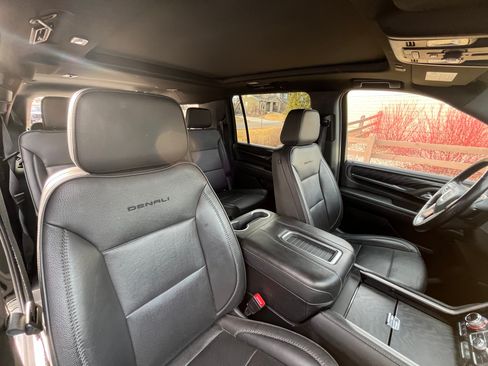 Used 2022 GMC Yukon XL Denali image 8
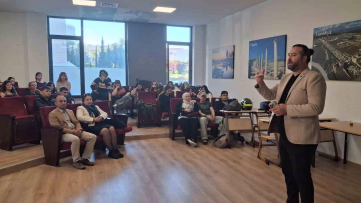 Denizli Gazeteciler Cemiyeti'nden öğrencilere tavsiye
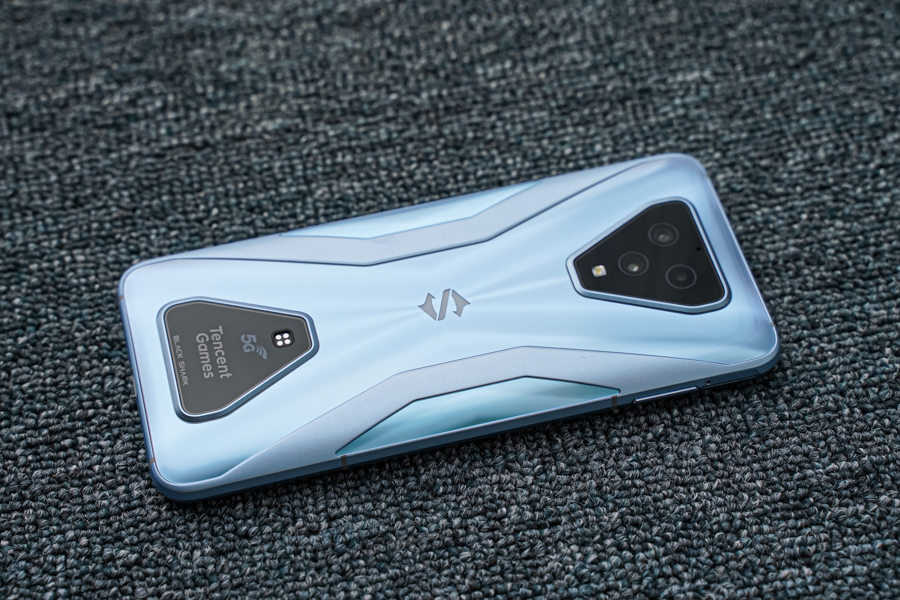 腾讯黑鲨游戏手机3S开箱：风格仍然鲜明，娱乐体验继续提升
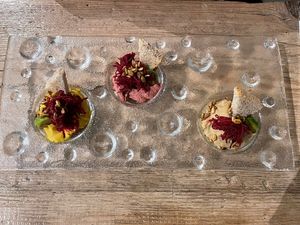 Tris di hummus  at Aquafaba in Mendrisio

** What this task involves **
A verbatim copy is needed of the lines running from the line with "腾讯黑鲨游戏手机3S开箱：风格仍然鲜明，娱乐体验继续提升" to the end of the data above, both included. Keep the pictures out of it.

** Finished task **
 腾讯黑鲨游戏手机3S开箱：风格仍然鲜明，娱乐体验继续提升
 Tris di hummus  at Aquafaba in Mendrisio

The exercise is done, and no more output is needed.